▸ WHAT IS BEING ASKED: Write out the records again, exactly. Nothing may be dropped.

** STUDY MATERIAL follows **

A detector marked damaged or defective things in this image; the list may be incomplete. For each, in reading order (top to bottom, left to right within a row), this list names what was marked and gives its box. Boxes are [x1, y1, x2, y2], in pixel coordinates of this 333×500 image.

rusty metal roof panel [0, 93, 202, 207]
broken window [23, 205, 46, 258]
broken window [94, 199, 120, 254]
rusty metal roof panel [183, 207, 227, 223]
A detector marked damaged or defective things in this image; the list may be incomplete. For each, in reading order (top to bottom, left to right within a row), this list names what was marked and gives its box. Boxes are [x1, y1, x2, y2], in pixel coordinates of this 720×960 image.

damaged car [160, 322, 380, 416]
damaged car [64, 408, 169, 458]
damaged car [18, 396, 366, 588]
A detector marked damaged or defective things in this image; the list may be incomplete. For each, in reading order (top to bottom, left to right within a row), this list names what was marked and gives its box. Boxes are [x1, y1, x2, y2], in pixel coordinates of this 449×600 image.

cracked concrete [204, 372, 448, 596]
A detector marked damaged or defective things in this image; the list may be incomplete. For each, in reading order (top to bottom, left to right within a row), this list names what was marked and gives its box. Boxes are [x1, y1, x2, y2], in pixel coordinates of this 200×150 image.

** End of STUDY MATERIAL **

▸ SOLUTION TO THE EXERCISE:
A detector marked damaged or defective things in this image; the list may be incomplete. For each, in reading order (top to bottom, left to right within a row), this list names what was marked and gives its box. Boxes are [x1, y1, x2, y2], in pixel coordinates of this 333×500 image.

rusty metal roof panel [0, 93, 202, 207]
broken window [23, 205, 46, 258]
broken window [94, 199, 120, 254]
rusty metal roof panel [183, 207, 227, 223]
A detector marked damaged or defective things in this image; the list may be incomplete. For each, in reading order (top to bottom, left to right within a row), this list names what was marked and gives its box. Boxes are [x1, y1, x2, y2], in pixel coordinates of this 720×960 image.

damaged car [160, 322, 380, 416]
damaged car [64, 408, 169, 458]
damaged car [18, 396, 366, 588]
A detector marked damaged or defective things in this image; the list may be incomplete. For each, in reading order (top to bottom, left to right within a row), this list names what was marked and gives its box. Boxes are [x1, y1, x2, y2], in pixel coordinates of this 449×600 image.

cracked concrete [204, 372, 448, 596]
A detector marked damaged or defective things in this image; the list may be incomplete. For each, in reading order (top to bottom, left to right within a row), this list names what was marked and gives its box. Boxes are [x1, y1, x2, y2], in pixel coordinates of this 200×150 image.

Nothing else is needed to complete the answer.